Figure 3 demonstrates the beam patterns via the phase-only [Fig. 3a] and the above four complex-amplitude modulation methods [Figs. 3b, 3c, 3d, 3e] with the SLM following the experimental procedures in [1, 2]. Each result in Figs. 3b, 3c, 3d, 3e was obtained under the BPG pitch d maximizing the output LG mode purity. Although the maximum output mode purities are similar for methods 2, 3, and 4 (Table 1), only Fig. 3c exhibits an irregular pattern that is not predicted from a numerical calculation. We consider that the deviation is introduced by nonideal properties of the practical SLM, such as “flyback region” [10], i.e., nonideal phase distribution owing to phase wrapping. We can also observe in Fig. 3b the typical property of method 1 that the output mode pattern suffers from polygonal deformation [9].
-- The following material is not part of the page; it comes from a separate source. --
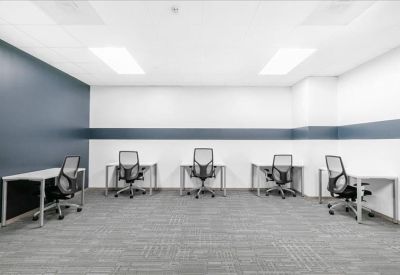 Open-plan coworking area with individual desks and a blue feature wall.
As stated in [2], it is generally difficult to evaluate the output LG mode purities from observed beam patterns with sufficient numerical precision to distinguish the small difference of η in Table 1. However, we can visually observe in Fig. 3 the effect of complex-amplitude modulation. Figure 3a exhibits an beam pattern generated through phase-only modulation of a top-hat input beam by optimizing the size of the holographic phase pattern with respect to the size of the input beam [1, 2]. The phase-only modulation scheme attaches the ideal phase profile of the LG mode to the output beam, although the amplitude profile of the output beam involves deviations from the ideal one. Resultantly, effects of the residual mode contents appear as multiple ring patterns in the surrounding area of the beam profile [Fig. 3a]. Contrarily, such rings disappear for complex-amplitude modulation methods [Figs. 3b, 3c, 3d, 3e], suggesting that the complex-amplitude modulation works properly to produce nearly ideal amplitude profiles.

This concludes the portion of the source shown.